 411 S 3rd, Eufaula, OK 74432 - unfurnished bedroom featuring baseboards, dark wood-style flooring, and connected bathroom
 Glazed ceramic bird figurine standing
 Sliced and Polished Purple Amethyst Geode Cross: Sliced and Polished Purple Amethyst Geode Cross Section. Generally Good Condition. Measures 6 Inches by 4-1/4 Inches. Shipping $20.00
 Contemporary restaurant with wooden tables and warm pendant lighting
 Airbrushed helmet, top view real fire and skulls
********
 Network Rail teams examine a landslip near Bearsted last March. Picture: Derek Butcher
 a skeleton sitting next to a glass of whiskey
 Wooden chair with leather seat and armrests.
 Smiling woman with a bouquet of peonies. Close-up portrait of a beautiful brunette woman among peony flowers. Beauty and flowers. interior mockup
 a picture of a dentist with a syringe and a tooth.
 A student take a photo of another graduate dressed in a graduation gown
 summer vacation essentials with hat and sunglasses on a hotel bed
********
Taking the entries above, write out exactly each line from the one holding "Contemporary restaurant with" to the one holding "Airbrushed helmet, top", both included, and stop there.

 Contemporary restaurant with wooden tables and warm pendant lighting
 Airbrushed helmet, top view real fire and skulls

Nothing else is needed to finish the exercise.